I Looked Inside Clawdbot's Architecture. Here's What Most Developers Get Wrong About AI Agents.

I Looked Inside Clawdbot's Architecture. Here's What Most Developers Get Wrong About AI Agents.

I took a look inside Clawdbot (aka Moltbot) architecture and how it handles agent executions, tool use, browser automation, etc. There are many lessons to learn for AI engineers.

Learning how Clawdbot works under the hood allows a better understanding of the system and its capabilities, and most importantly, what it’s GOOD at and BAD at.

This started as a personal curiosity about how Clawdbot handles its memory and how reliable it is. In this article I’ll go through the surface-level of how Clawdbot works.

What Clawdbot Actually Is

So everybody knows Clawdbot is a personal assistant you can run locally or through model APIs and access as easy as on your phone.
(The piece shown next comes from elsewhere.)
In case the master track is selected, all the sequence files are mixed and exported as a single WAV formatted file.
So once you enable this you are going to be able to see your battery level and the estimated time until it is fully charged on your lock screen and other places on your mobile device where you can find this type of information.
But what is it really?

At its core, Clawdbot is a TypeScript CLI application.

It’s not Python, Next.js, or a web app.

It’s a process that:

  • Runs on your machine and exposes a gateway server to handle all channel connections (telegram, whatsapp, slack, etc.)
  • Makes calls to LLM APIs (Anthropic, OpenAI, local, etc.)
  • Executes tools locally
  • And does whatever you want on your computer

The Architecture

To explain the architecture more simply, here’s what happens when you message Clawdbot on a messenger:

1. Channel Adapter

A Channel Adapter takes your message and processes it (normalize, extract attachments). Different messengers and input streams have their dedicated adapters.

2. Gateway Server

The Gateway Server is the task/session coordinator. It takes your message and passes it to the right session. This is the heart of Clawdbot. It handles multiple overlapping requests.

Lane-Based Command Queue : An abstraction over queues where serialization is the default architecture. A session has its own dedicated lane, and low-risk parallelizable tasks can run in parallel lanes. This shifts the mental model from “what do I need to lock?” to “what’s safe to parallelize?”
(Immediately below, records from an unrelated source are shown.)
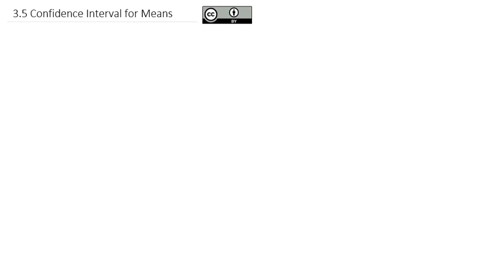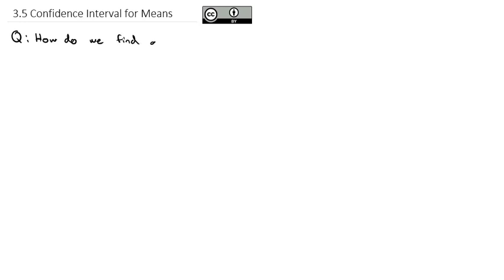Just as we have done inferential statistics with proportions, we can do many of the same things with means. In fact, we more often are working with means than proportions. So let's answer the question first: how do we find a confidence interval for a mean?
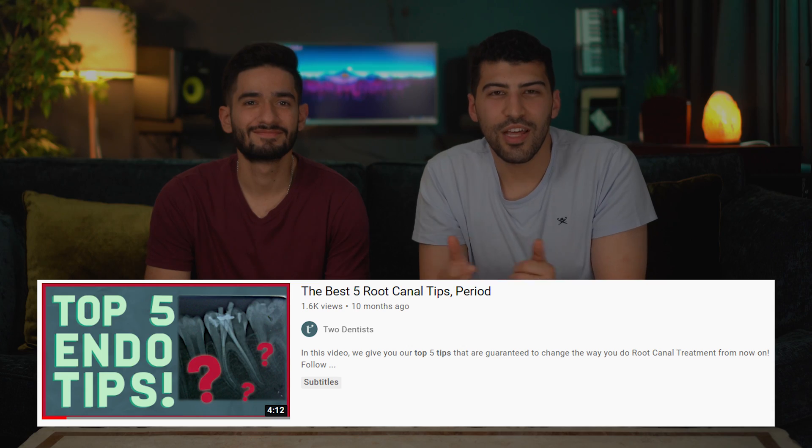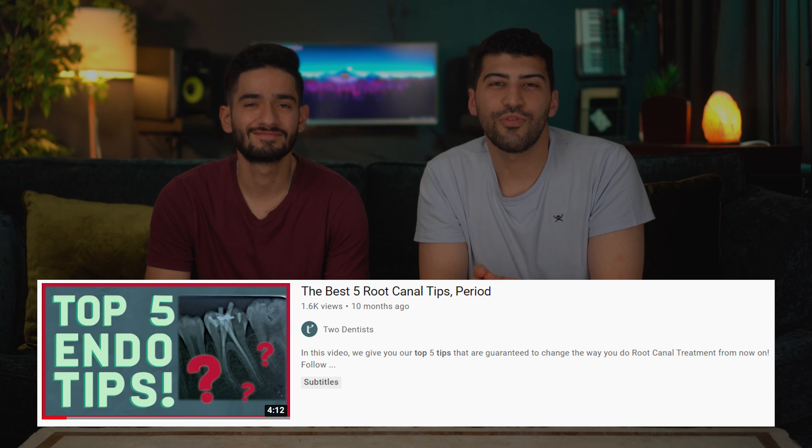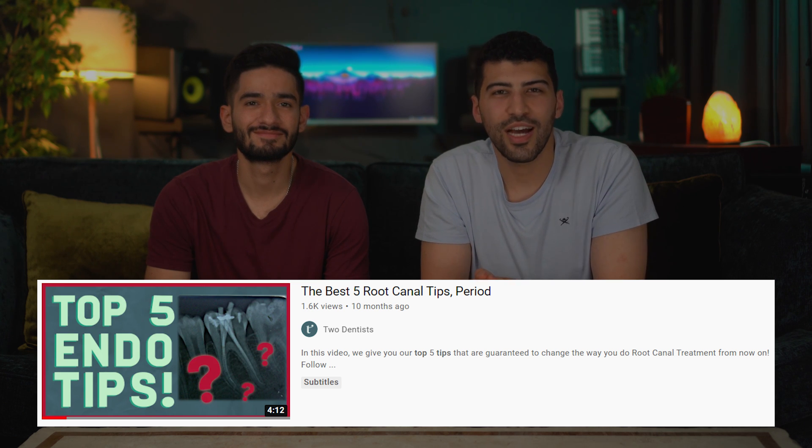Thank you for watching. I hope you found this video useful and if you did, feel free to subscribe, share, and like. We also have another top five endo tips video so feel free to check that out, and hopefully we'll see you in the next video.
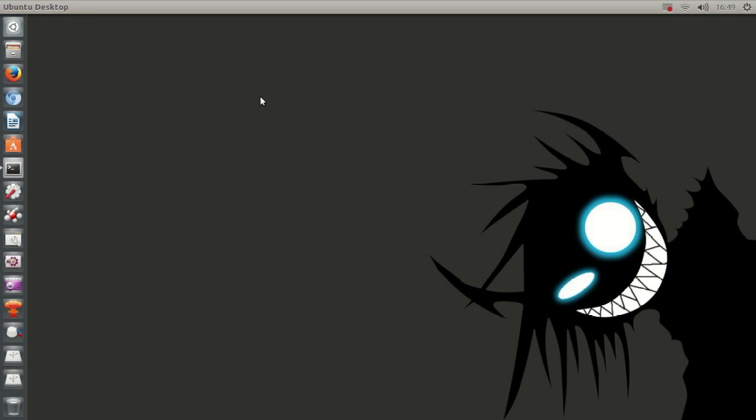Hello ladies and gentlemen, it is me Ubuntu Help Guy and in this video I want to show you how to upgrade to Ubuntu 13.10 beta from Ubuntu 13.04.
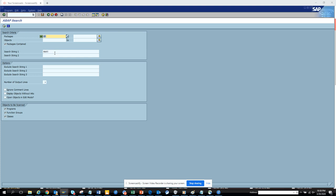It's only available in S/4HANA with this transaction code. There's a separate program in ECC6 that I'll go through later. So stay tuned to my channel and wash your hands and happy SAP learning. Thank you and have a great day.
To serialize operations, Clawdbot uses a lane-based command queue. A session has its own dedicated lane, and low-risk parallelizable tasks can run in parallel lanes (cron jobs).

This is in contrast to using async/await spaghetti. Over-parallelization hurts reliability and brings out a huge swarm of debugging nightmares.

Default to Serial, go for Parallel explicitly.

If you’ve worked with agents you’ve already realized this to some extent. This is also the insight from Cognition’s “Don’t Build Multi-Agents” blog post. A simple async setup per agent will leave you with a dump of interleaved garbage. Logs will be unreadable, and if they share states, race conditions will be a constant fear you must account for in development.

Lane is an abstraction over queues where serialization is the default architecture instead of an afterthought. As a developer, you write code naturally, and the queue handles the race conditions for you.

3. Agent Runner

This is where the actual AI comes in. It figures out which model to use, picks the API key (if none work it marks the profile in cooldown and tries next), and falls back to a different model if the primary one fails.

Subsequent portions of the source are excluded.